The trainings feature lessons in how body language — including “facial gestures and human emotions,” “eye movement and gaze behavior,” and “gestures involving the torso” — can be used in interrogations and reveals not only deception but danger for officers. “As a very general rule of thumb the left side of the body is more apt to reveal known deception than is the right side of the body,” reads material for a 2018 training called “Subconscious Communication for Detecting Danger,” found in files connected to the Northern California Regional Intelligence Center.
Rhoads says his system is scientific because, unlike Ellory's, it relies on a baseline. Cops can't just walk up to a perp and stare down the left side of the detainee's body until it starts confessing. Cops have to establish a baseline for emotions, expressions, and responses. But that takes only about 20 questions. You know, like a polygraph machine -- that other "science" that has repeatedly proven to be highly inaccurate.
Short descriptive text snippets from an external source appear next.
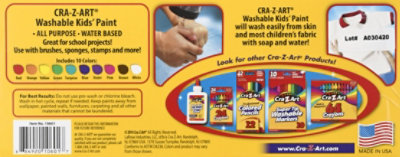 Crazart Classroom Super Washable Kids Paint - 10 CT - Image 4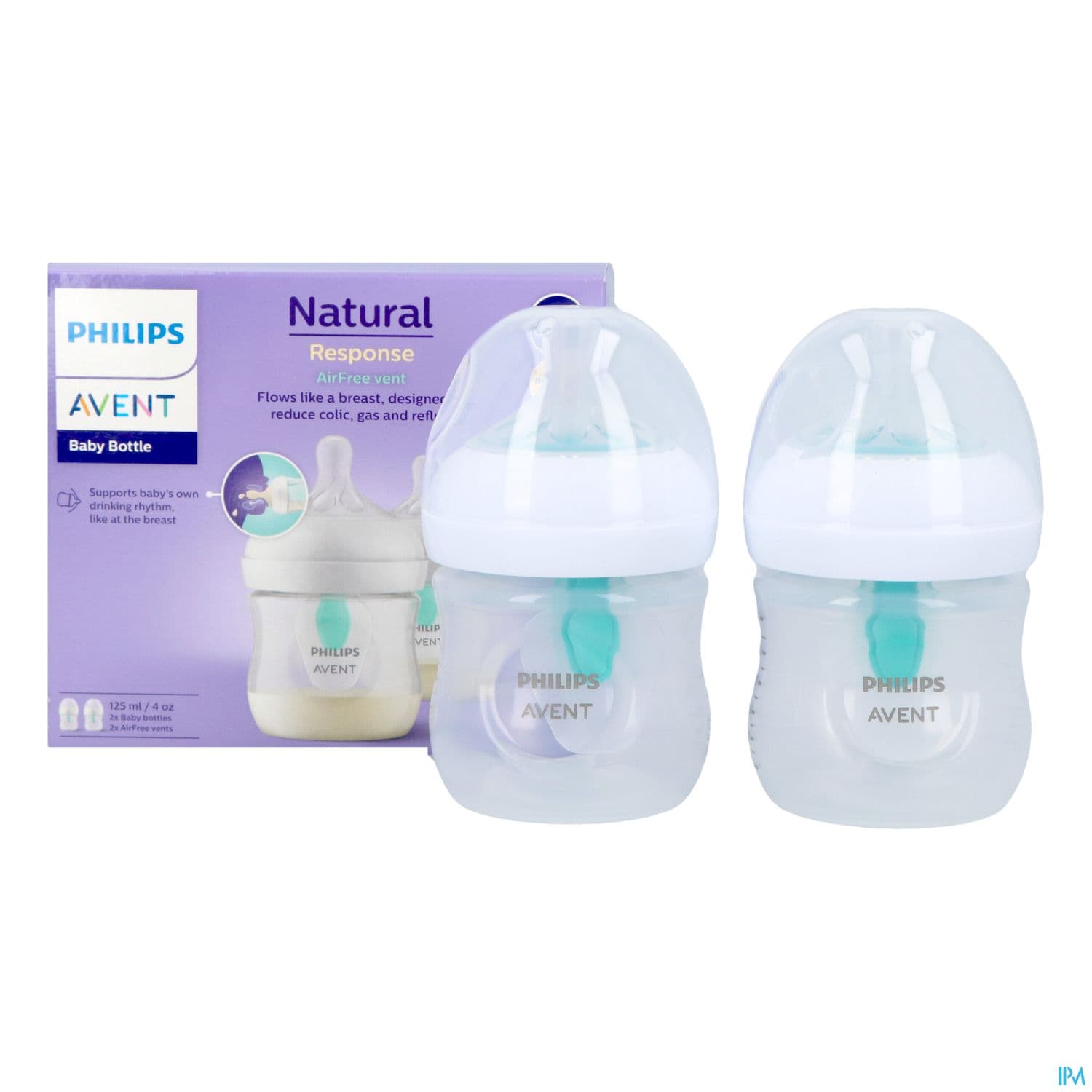 BIB AVENT NAT RESPONSE AC 125MLX2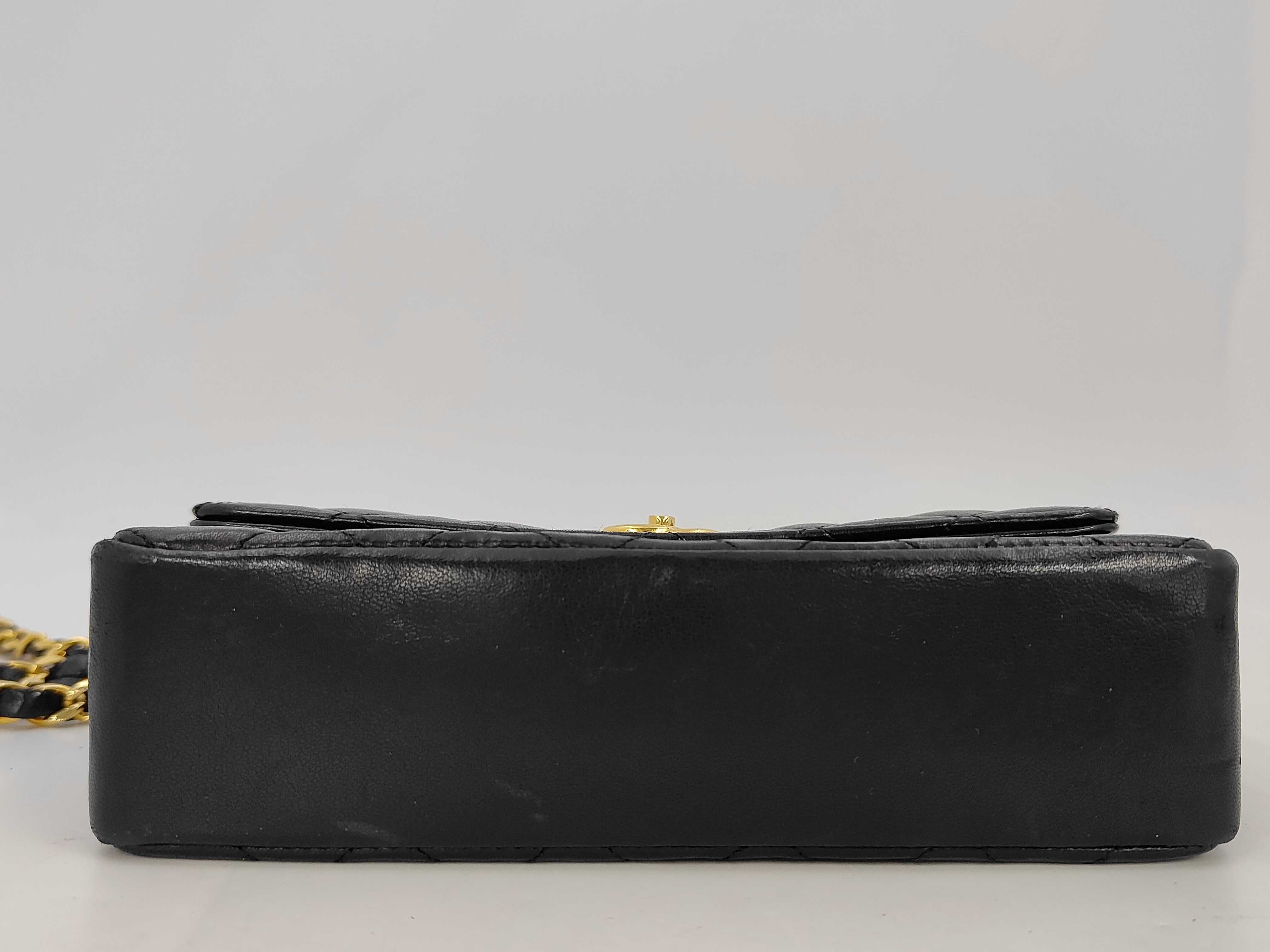 Lambskin Mini Matelassé Chain Shoulder Bag — view 4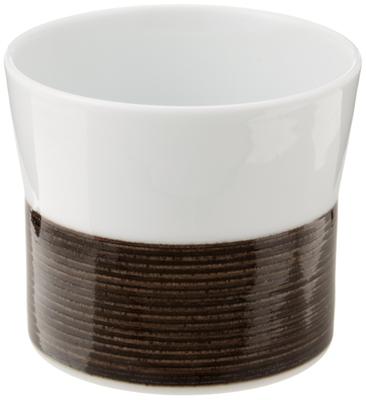 Hakusan Porcelain Free X Hemp ASA NO Hasami Made In Japan Cup, Sepia, (approx.) 8.5 7cm, 240ml, Thread, ITO, Ware,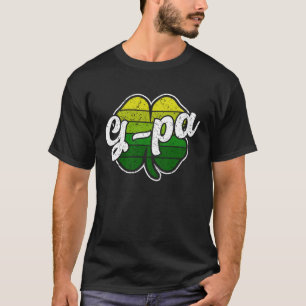 T-shirt St Patrick s Day G Pa Père Irlandais C Shamrock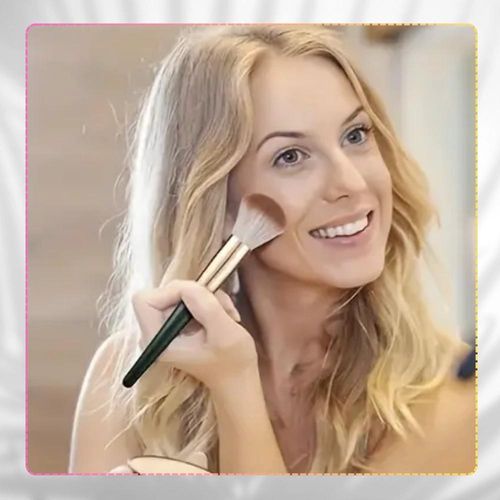 Zestaw pędzli do makijażu +  etui 14 szt do twarzy i oczu puszyste na Arena.pl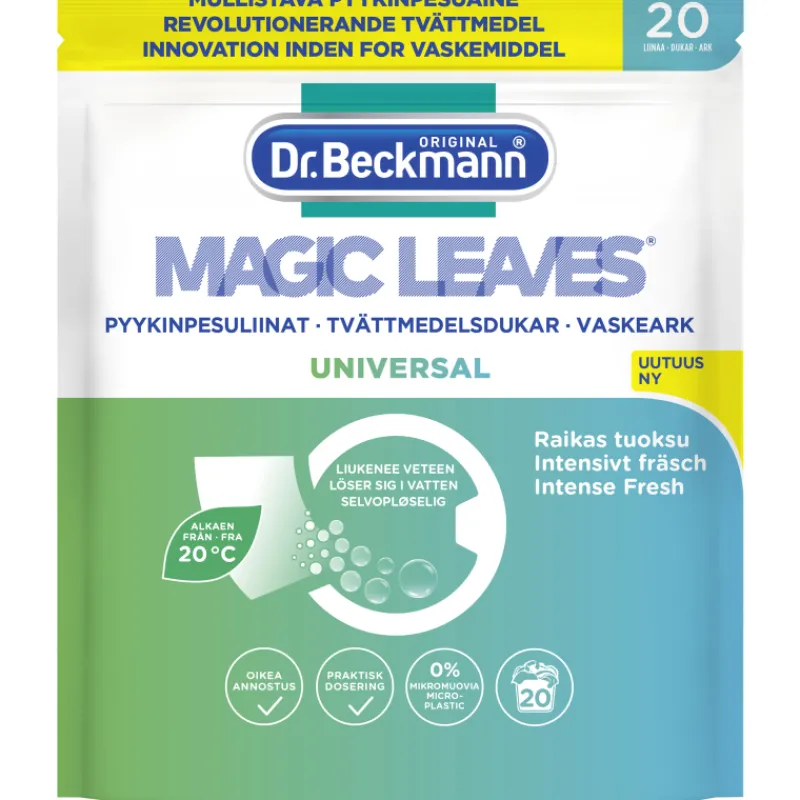 pyykinpesuliina-dr-beckmann-20-hkdBFAah-0.webp Dr Beckmann Pyykinpesu- Ja Huuhteluaineet^Pyykinpesuliina 20 Kpl Magic Leaves Universal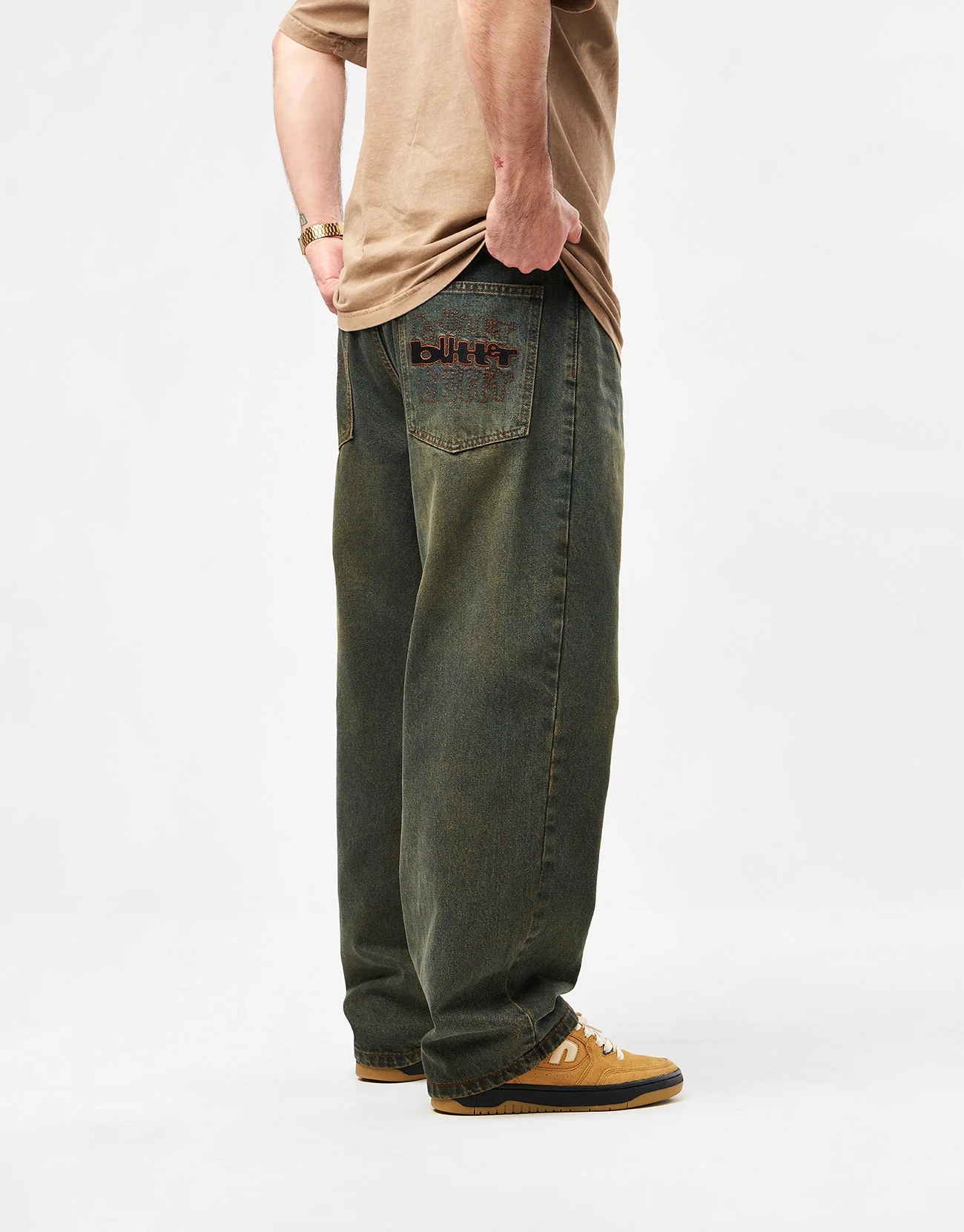 Butter Goods Warped Denim Jeans - Dirty Wash Indigo - Image 2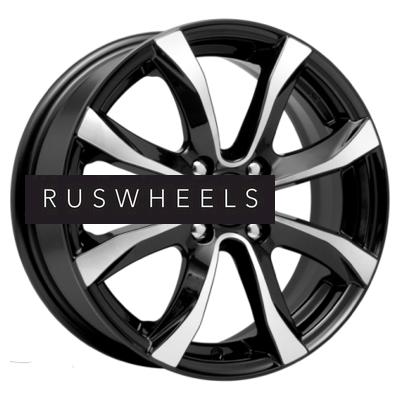 Диски iFree 6x15/4x108 ET30 D65,1 Дайс (КС696) Блэк Джек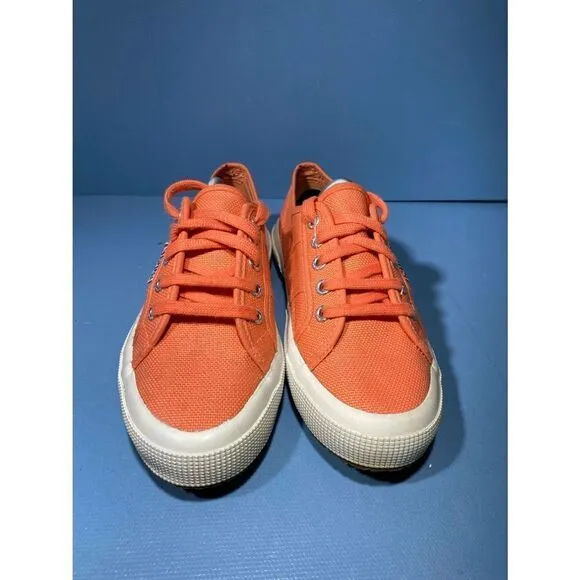 Superga Women's Size 6 US Coral Lace Up Low Top Lace Up Canvas  Shoes M 4,5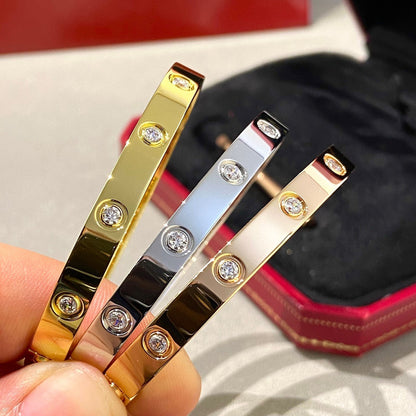 [Okajuri Jewelry]LOVE BRACELET 6.1MM 10 DIAMONDS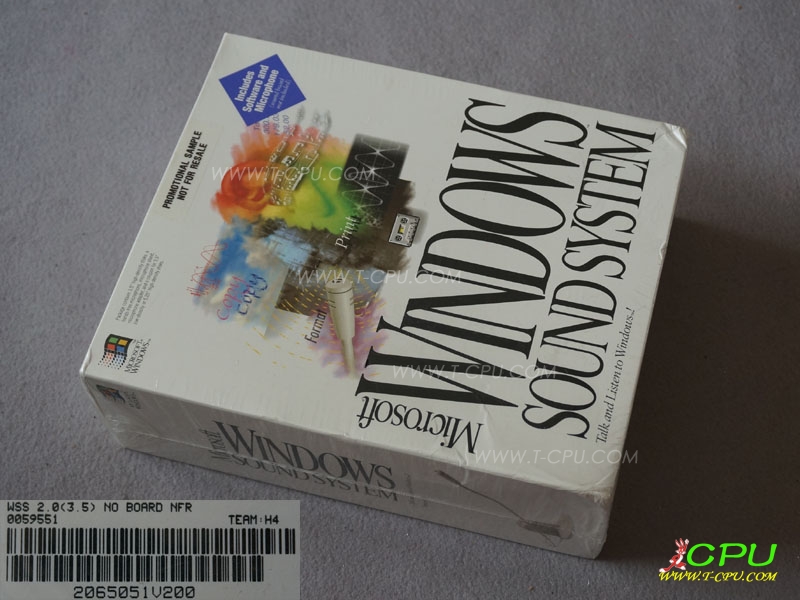 Microsoft WINDOWS Sound System WSS 2.0 NIB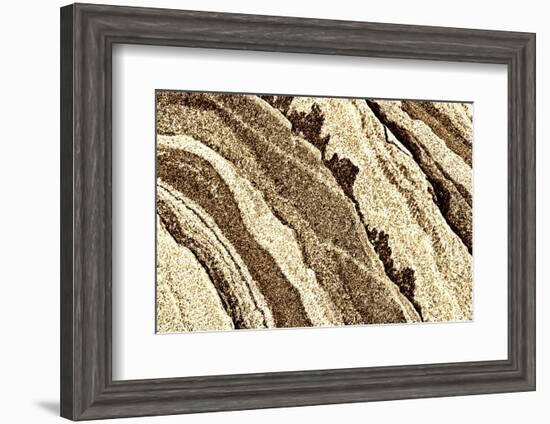 Canada. Rock patterns.-Jaynes Gallery-Framed Photographic Print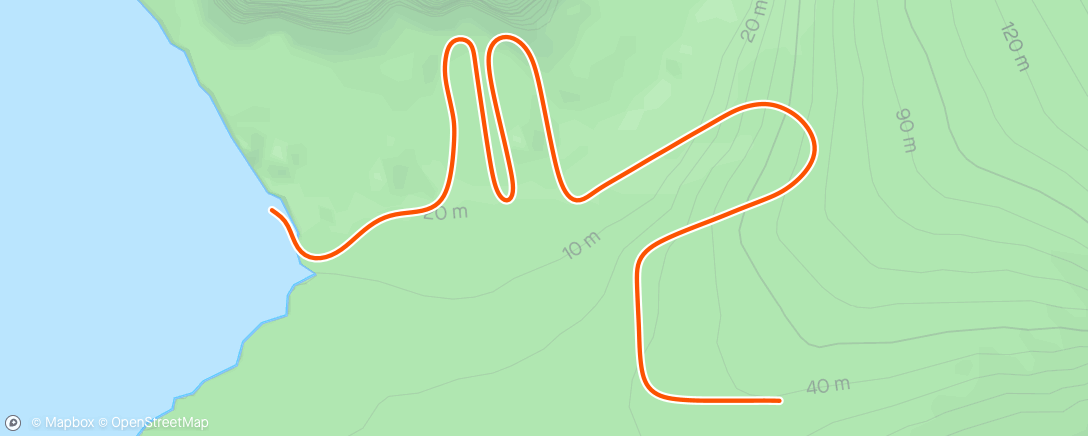 Mapa de la actividad, Zwift - Pacer Group Ride: Volcano Flat in Watopia with Bernie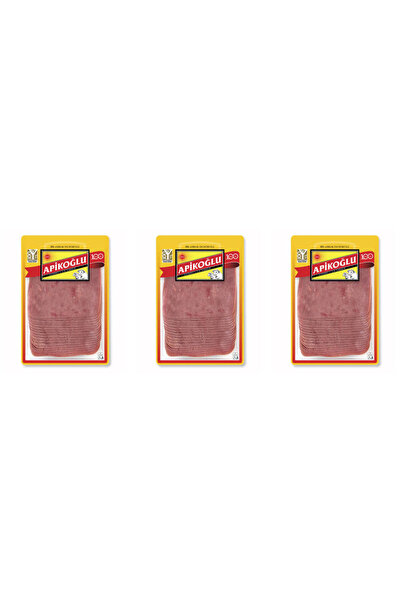 Apikoğlu Dilimli Dana Jambon 250 Gr. Üçlü Paket (TOPLAM 750 GR.)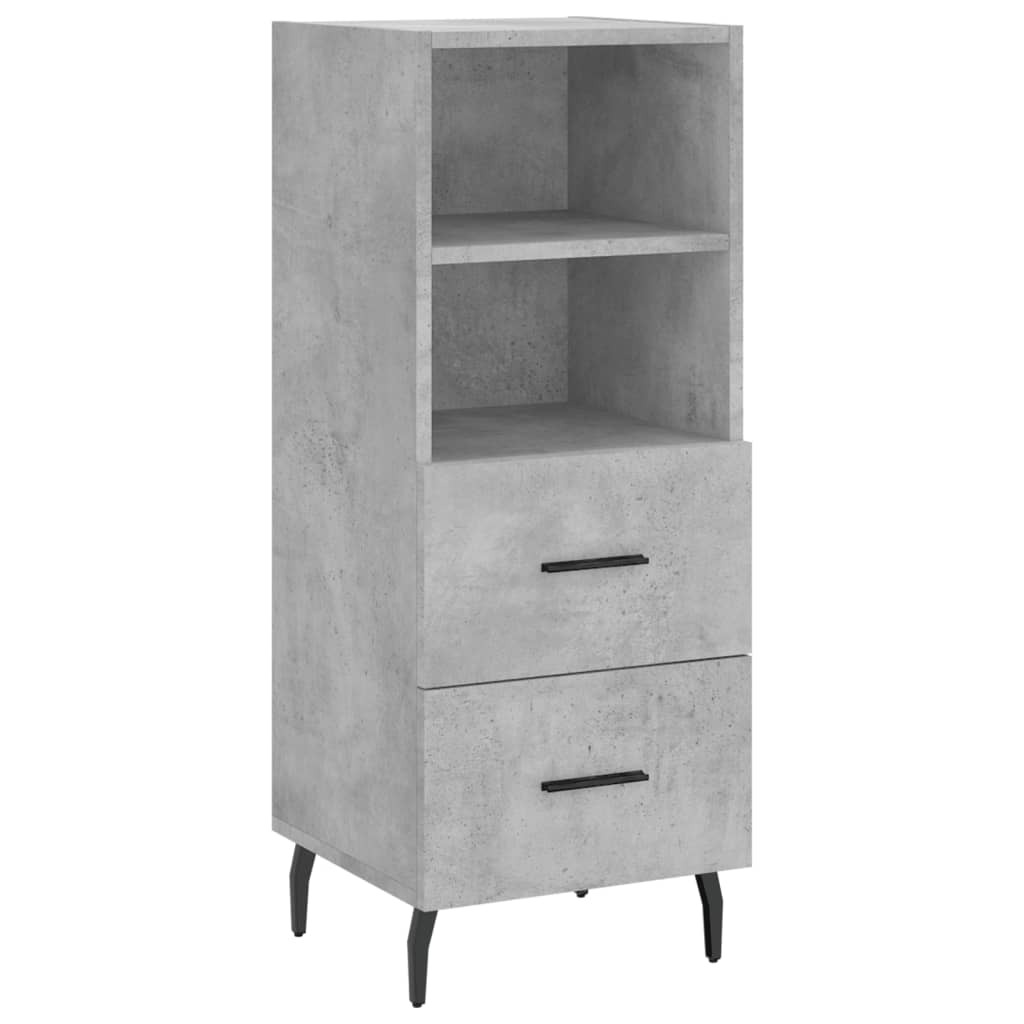 Buffet Gris béton 34,5x34x90 cm Bois d'ingénierie - XIOS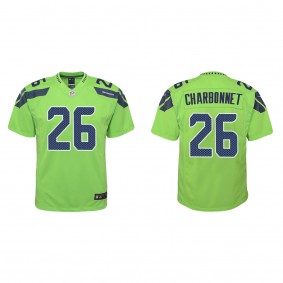 Youth Zach Charbonnet Green 2023 NFL Draft Alternate Game Jersey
It's sadly unsurprising pseudoscience purveyors are still finding willing buyers of their bullshit in the law enforcement community. Cops are just as susceptible to cognitive biases as the people they police. They believe they're smarter than the people they deal with. Training like this only increases their self-deception. Even if the trainers and their methods were legit, it would still be a problem. You can't crank out experts in human behavior over the course of a couple of 8-hour sessions. But the Dunning-Kruger effect also affects those doing the training and selling this junk science: they appear to believe they can.
All of this adds up to worse policing. When reasonable suspicion involves judgment calls based on secondhand bad science, peoples' rights are being violated by officers who now believe they're capable of detecting lies just by looking at a person.